My date and I got dolled up on a Wednesday and headed to the inner Richmond for a night of inner richness (ha ha ha). He was excited. Ordered a town car. He had never had snails before and was raring to go. He was not disappointed. 

mmm... stock image

It is difficult to mess up escargot. The traditional recipe exists essentially as an excuse to consume butter perfumed with garlic and parsley, but oh, it is so so good. Especially helped out with a glass or two of Sancerre. We had oysters too, with red wine vinegar mignonette, and then I had bouillabaisse and there were digestifs and a complimentary apple tart (not as good as Priscilla's)... I was in heaven. I was in fake Paris. I knew it was fake because a female French customer told us we looked fabulous.


But that wasn't enough. I needed more invertebrates. For my birthday Kate took me up the coast to Tomales Bay, where we sat in the freezing cold sunshine (ah, Northern California winters) and I learned to shuck, shuck, shuck my little heart out. My dear friend knew just what to do. She brought champagne, a spread of cheeses, lemons, and a beautiful baguette. I thought of my uncle Jean François and the mountains of oysters we put away during the holidays in Toulouse, of my first bivalve off the coast of Brittany, of my father and his skilled wielding of the blunt, heavy-handled knife. Kate and I ate ours raw, of course, all 36 of them. I looked at the families around us, many foolishly barbecuing their little gems of the sea, and scoffed.




Then the next day I reviewed the places on Yelp, had a burrito,  and everything went back to normal.

Thursday, January 3, 2013

Can You Handel It?




Georgie Handel himself
Christmas time has come and gone. New year's day as well. Now, a time to reflect, to ponder, to look forward with the wisdom of another year. A time to ask such burning questions as: Why could I not find a Sing-Along Messiah in San Francisco??

For the last decade or so, I have been able to belt out yearly Hallelujah choruses and ridiculous melisma, sometimes accompanied by baroque orchestras, sometimes by solo organ. I have been able to socially breeze across voices in a hodgepodge of choir-members and weekend singers, singing alto with my lower-voiced buddies, soprano I with the high pipers, outside of the restrictions of "rehearsal" and "assigned parts". More often than not this happened in the American Cathedral on George V, led by a spirited choir director expertly hiding fear of losing the reigns of the packed and weighty-voiced house. 

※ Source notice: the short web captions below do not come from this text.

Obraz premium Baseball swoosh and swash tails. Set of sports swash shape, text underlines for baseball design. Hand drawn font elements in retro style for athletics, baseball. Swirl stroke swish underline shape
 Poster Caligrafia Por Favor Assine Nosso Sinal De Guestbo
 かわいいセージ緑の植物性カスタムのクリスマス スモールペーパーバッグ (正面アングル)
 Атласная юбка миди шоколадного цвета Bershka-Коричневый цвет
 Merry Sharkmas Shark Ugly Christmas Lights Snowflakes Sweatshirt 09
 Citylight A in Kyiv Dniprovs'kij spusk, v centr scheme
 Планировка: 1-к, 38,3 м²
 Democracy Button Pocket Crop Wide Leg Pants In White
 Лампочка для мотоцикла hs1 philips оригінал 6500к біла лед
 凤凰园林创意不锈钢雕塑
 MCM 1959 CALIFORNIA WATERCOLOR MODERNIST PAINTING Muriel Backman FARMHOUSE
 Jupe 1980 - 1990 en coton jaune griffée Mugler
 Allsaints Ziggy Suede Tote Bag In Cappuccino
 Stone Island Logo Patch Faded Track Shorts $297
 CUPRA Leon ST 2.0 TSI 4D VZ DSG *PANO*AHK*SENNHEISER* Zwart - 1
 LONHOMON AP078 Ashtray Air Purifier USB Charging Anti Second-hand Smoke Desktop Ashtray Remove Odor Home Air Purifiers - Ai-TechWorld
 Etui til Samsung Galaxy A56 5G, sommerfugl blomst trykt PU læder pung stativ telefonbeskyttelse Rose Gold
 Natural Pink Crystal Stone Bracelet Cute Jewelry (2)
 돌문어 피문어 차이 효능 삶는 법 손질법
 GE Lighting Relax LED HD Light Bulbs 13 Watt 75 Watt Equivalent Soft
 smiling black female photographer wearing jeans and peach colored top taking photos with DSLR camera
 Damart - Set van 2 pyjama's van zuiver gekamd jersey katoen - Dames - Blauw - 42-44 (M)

As I was on the board of the Paris Choral Society, I was charged with getting the word out, and I always depended on touting the grand tradition of a Handel's Messiah Sing-Along to a susceptible French audience. But it appears I was full of lies. Did I make it up? Is singing the Messiah alongside a trained choir not a thing we do in the States?

PCS Sing-Along in action

I was certain that some opportunity to whip out my well-worn sheet music would come along. But no. Oh, there were plenty of Messiahs out there, but I couldn't find a single one that would encourage the audience to join in. Perhaps I was not sufficiently observant, but I was nonetheless outraged. I didn't want to LISTEN. I wanted to EMOTE VOCALLY. I took to singing it from beginning to end as I walked through the city. I put it on at every opportunity, hoping to spark a flash-mob. 

But it didn't happen. I was reduced to attempting to get my family humming on Christmas Eve, to no avail. I suppose America is not quite what my rose-colored memory retained.

Although, since this is a choral-oriented post, one thing San Francisco HAS offered in that realm was a FABULOUS semi-amateur choir rendition of Orff's Carmina Burana (of car commercial and pop canon fame). I attended because a friend was singing, and was delighted. The singing was nice, the orchestra too, but the best part was the showmanship. During O Fortuna (the big one A-AAh A-AAh, A-AAh A-AAh, A-AAh-a-aah- AAh. AAh. AAh), the singers held tiny LED flashlights to their faces as if telling ghost stories. During the Tavern movement (basically about men drinking in the tavern and how great it is), the choir shined the same lights through what looked like owl masks at the audience. Fabulous. Oh, and the soloists had three costume changes each. Including the tenor, who made all his onstage during his one dying-swan aria. 

When we performed Carmina Burana in Paris, I remember having to wear flowers in my hair, but that was it (well, it's possible the male choristers sported potato sacks, but maybe I made that up). Our crowning glory was found in the flurry of young modern dancers in colorful leotards that came in and out of the aisles during instrumental movements. The San Francisco Choral Society? Same dancers. From the Champs Elysées to Davies Hall, semi-pro choral scene brings kitsch and swooping drama. Wonderful, comforting consistency. My heart is a little warmer for it. 

Hallelujah.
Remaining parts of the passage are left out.